# Limits on developing last two functions



## nevermore (Oct 1, 2010)

How far can you "push" you tertiary and inferior?

Doing so too much would of course cause great stress and is probably not advisable, but what are the "limits" on personality, as it were? Is there a point where your last two functions just can't develop anymore? What about the secondary, for that matter? Can it "rise" to be almost equal to the dominant or is it stuck as a slave? Would working on your tertiary/inferior diminish your first two in any way, or would it strengthen them because they have more of a base? How exactly does one go about purposely developing them anyway???


----------



## penchant (Sep 20, 2010)

Oooh, this is interesting.

I've been hoping to get around to reading more about the dominiant-tertiary loop, and this connect to it.

But I think I'll just stop talking for now, and listen to people who know this stuff first.


----------



## nevermore (Oct 1, 2010)

penchant said:


> Oooh, this is interesting.
> 
> I've been hoping to get around to reading more about the dominiant-tertiary loop, and this connect to it.
> 
> But I think I'll just stop talking for now, and listen to people who know this stuff first.


I had heard that loops are actually a _bad_ thing.

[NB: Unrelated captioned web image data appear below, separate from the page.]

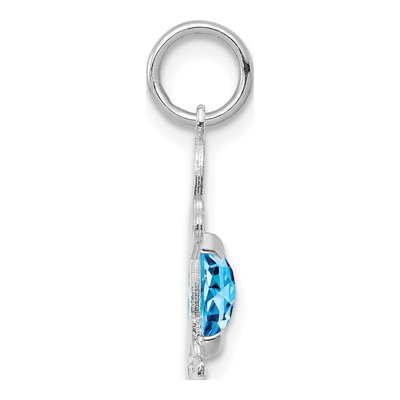 14K White Gold Sky Blue Topaz Boy December Birthstone Pendant – view 3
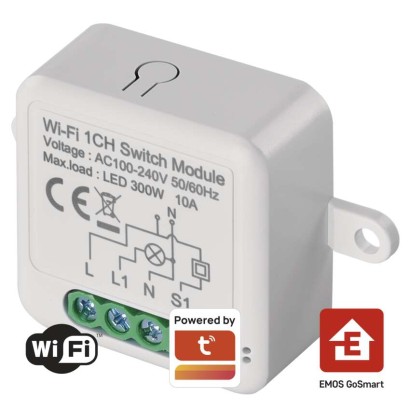 EMOS H5105 GoSmart modul spínací IP-2101SW, Wi-Fi, 1-kanálový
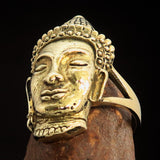 Excellent crafted Brass Buddha Ring ancient Phra Phrom Cambodia - BikeRing4u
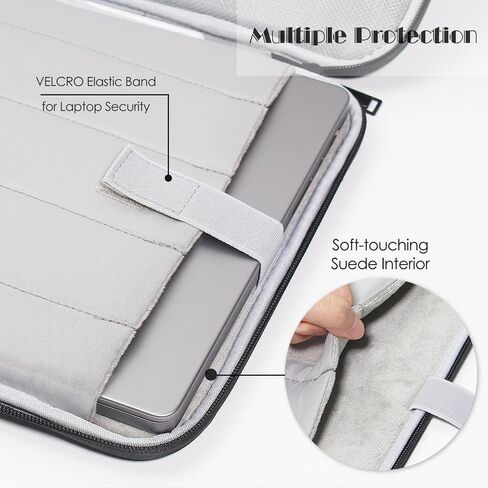 حافظة كمبيوتر محمول مقاس 15 بوصة من ProElife لجهاز MacBook Air 15.3 بوصة M4/M3 A3241 Chip & 15 بوصة MacBook Pro A1990 ملحق للسفر حقيبة حمل متعددة الوظائف مع مقبض (أسود) in Saudi Arabia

I'm really lonely and introverted right now...I go through tons of Ti-Si loops, and they really suck. I never get anything done - and worse, they suppress my imagination. Just an endless analysis of common sense choices. Booooring. But that's just in my case; I'm sure an Ni-Ti loop would be wicked...or at least it sounds like it would.

Yeah, I think I have at least a half-decent Si...I have a head for facts that rivals Sensors'. I am more interested in the real holy grail which is developing the inferior but I am worried about it doing something to my Ti/and or being hopeless. Ne-Fe makes an INTP go into chameleon mode which I consider a form of treachery to myself, but I am worried that is the only way to develop it.

For that matter I want to maximize my potential with Ne...I worry i may have hurt it with my looping, and besides...intuition is _so _much cooler than thinking!:tongue: I constantly find myself wishing I was an ENTP... 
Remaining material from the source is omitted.